Our medical student is amazing. I think he was academically abused in the not-too-distant past, and responded by studying insanely, so that his grasp of basic science is unassailable. For some reason which I have already become too cynical to grasp, he is wildly enthusiastic about this whole med-student/surgery rotation deal, and simply begs for scut to help us with. (I used to be pretty enthusiastic, but this guy is out of even my league.) He sees more patients than any other third year I’ve heard of, and he knows the patients. He may not know what the plan is with them, or what to do next, or which parts of their labs to be concerned about, but he knows all the facts.

The only thing that keeps him from being dangerous to me (the way that insanely bossy fourth year student was) is that he thinks things through too much. I’m afraid the attendings are having fun with this. They’ll ask him a relatively straightforward question (as pimp questions go), and he’ll start reciting a chapter from Robbins’ pathology, rather than giving the one-word classic answer that they’re looking for. It cracks the residents and me up; which is rather rude on our part, but he seems to be surviving. I asked him if he was sure he wants to do surgery, and his answer was, “Of course I do. What else is there?” Poor guy. But he’ll be good at it; he thrives on hard work and long hours. Even though some of his questions are ridiculous, none of us mind answering, because he obviously wants to learn and understand his patients. (Although it’s a little bit funny how he’ll ask me questions, to which my instinctive response is, That’s exactly what I was going to ask myself; but it helps me think things through, to be forced to give him a reasonable explanation, and not just, This is how we do things.)
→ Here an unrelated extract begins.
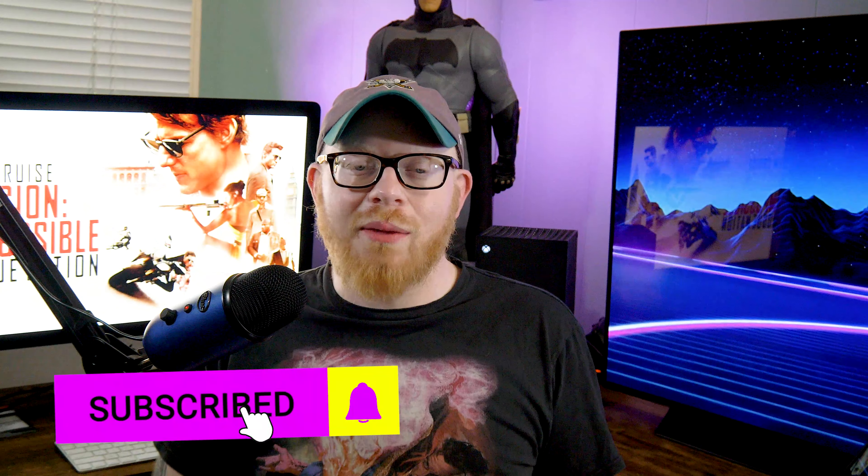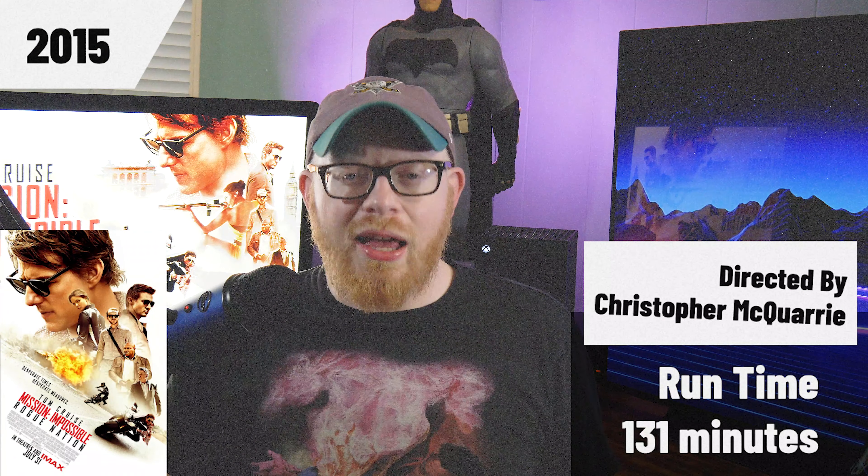If you're a fan of 4K Blu-ray reviews, movie reviews, or podcasts, we try to do them all here on the channel. Liking this video and subscribing is the best way to support us. Mission Impossible: Rogue Nation was originally released back in July of 2015 with a runtime of about 131 minutes.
The medical school at this hospital is tough, way harder than mine. Their expectations of their students are so high. I would much rather be an intern here, matched, all set, on track in spite of my poor preparation, than a student. They take overnight call with ridiculous frequency (considering that the residents don’t), have lecture with uncomfortably regularity, and have all kinds of requirements and oral tests to get through. They are going to be much better prepared (for a surgery residency at least) than I was; and I don’t miss their shoes.